Relicensing with AI-assisted rewrite
TUANANH.NET
In the last issue I covered how Cloudflare cloned Next.js in order to create a more cloud-native framework, sharing my wonder at how simple this was (due to an extensive test suite), but also sharing concerns about the impact on Next.js as a project, and its maintainers. This blog post uncovers yet another issue with AI re-writes.
chardet, a popular open source project, has an LGPL licence (copyleft and restrictive), due to its dependency on some Mozilla code. The team used Claude Code to automate a re-write of the problematic dependency, allowing them to move to a more permissive MIT licence. The author of the dependency that was re-written considers this a copyright violation and has asked them to revert to the LGPL licence.
While the Next.js re-write uncovered moral issues, chardet demonstrates there are legal issues also. Personally I am not comfortable with either of these re-writes.
This post goes on to indicate that the law is a long way behind, ruling that ‘human authorship’ is required, without which copyright does not apply. Given that almost everyone is using AI for part (if not all) of the authorship of code, copyright has now become meaningless?
RFC 406i - The Rejection of Artificially Generated Slop
406.FAIL
Request For Comments (RFCs) are the documents through which the internet community proposers, debates and standardises protocols.
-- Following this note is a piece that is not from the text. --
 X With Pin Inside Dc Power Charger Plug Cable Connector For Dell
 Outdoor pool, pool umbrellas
This sounds all very serious, but there has been a long tradition of publishing humorous RFCs, for example, the use of homing pigeons to transmit IP packets.
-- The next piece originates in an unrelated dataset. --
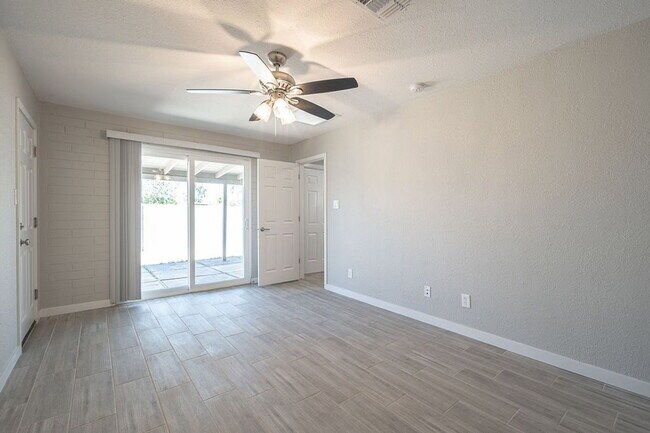 Building Photo - 4002 N 59th Dr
This RFC outlines a procedure for handing AI slop open source contributions.
“I see you are slow. Let us simplify this transaction: A machine wrote your submission. A machine is currently rejecting your submission. You are the entirely unnecessary meat-based middleman in this exchange.”
MCP is dead. Long live the CLI
GITHUB.IO
As an aside, why do so many articles these days have to include such sensationalised titles? A more meaningful title for this post would be “When does MCP make sense vs CLI?”
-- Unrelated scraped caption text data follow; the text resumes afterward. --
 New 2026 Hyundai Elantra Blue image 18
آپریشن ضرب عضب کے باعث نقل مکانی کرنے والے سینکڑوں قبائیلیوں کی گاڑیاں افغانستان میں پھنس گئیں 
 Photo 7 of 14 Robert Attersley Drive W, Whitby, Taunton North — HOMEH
Model Context Protocol (MCP) was released a couple of years ago as a standard mechanism for extending LLMs through the use of tools. In other words, it gives the model the ability to call out to an external service (e.g. execute a Google search or review internal backlog tickets).
| I must admit, I’ve always had my doubts about MCP, ever since reading this fantastic blog post from the Wolfram team about how they integrated their content and tools with ChatGPT. One of the things I found most notable is how easy it was to integrate with he Wolfram | Alpha API, which has a natural language interface. This allows ChatGPT to ‘talk’ to Wolfram in a highly expressive way, without the need for formal specification. |
MCP feels like we are applying a model from the past, where computers talk to each other via rigid interfaces, when there is now the opportunity to look at how they might communicate in the future, through more expressive natural language interfaces.
This blog post makes a similar argument, that LLMs don’t need a special protocol. In this instance, they outline how LLMs are tremendously good at using command line tools (CLIs), as Claude Code has demonstrated.
Agentic Engineering Patterns
SIMONWILLISON.NET
AI coding agents are incredibly powerful and versatile tools; and many of us are actively researching how to get the most out of these tools. While some are searching for the definitive usage pattern, advocating specific and prescriptive approaches to prompting or the creation of specifications, I don’t think a single effective pattern will emerge. These tools are too versatile for that. They lend themselves to a wide variety of usage patterns.
This is why I really likely the approach Simon is taking. Rather than try and create a single, sophisticated (and likely complicated) guide for using agents, he is collecting smaller patterns. Little nuggets, brief thoughts. Basically documenting the things that work for him and why.
This is a fantastic resource that is rapidly growing (he’s already added two more since I last looked). It is a great source of inspiration. I’d encourage you to not only read these patterns, but try them.
Over time you’ll build your own intuition; you’ll adapt and apply different patterns based on the context.
AI Tooling for Software Engineers in 2026
PRAGMATICENGINEER.COM
This post shares the results of a survey of ~900 software developers regarding their usage of AI tools. It is packed full of interesting data. Rather than pull out anything specific, one of my key takeaways from this study is just how fast things are changing … still.
Just eight months after its release, Claude Code is already the most-used tool!

Another notable change is the rise in agentic usage, more than half the respondents regularly use AI agents, a technology that has only emerged in the last year.
Humans and Agents in Software Engineering Loops
MARTINFOWLER.COM
As AI agents become more capable, and ultimately write more of the code, this leads to an important question - what is the job of the human (in the loop)?
When talking about agentic loops we focus on the implementation part of the software development lifecycle. An agentic loop involves creating a feedback mechanism, typically through unit tests, that allow the agent to iteratively refine its solution and ultimately tackle larger problems. Keif describes this as the “how loop”. However, this isn’t the only the loop in software development, there is also the “what loop” where we evolve our ideas about what it is we want to build.
This blog post explores the interplay between these two loops, and where the human and AI both play.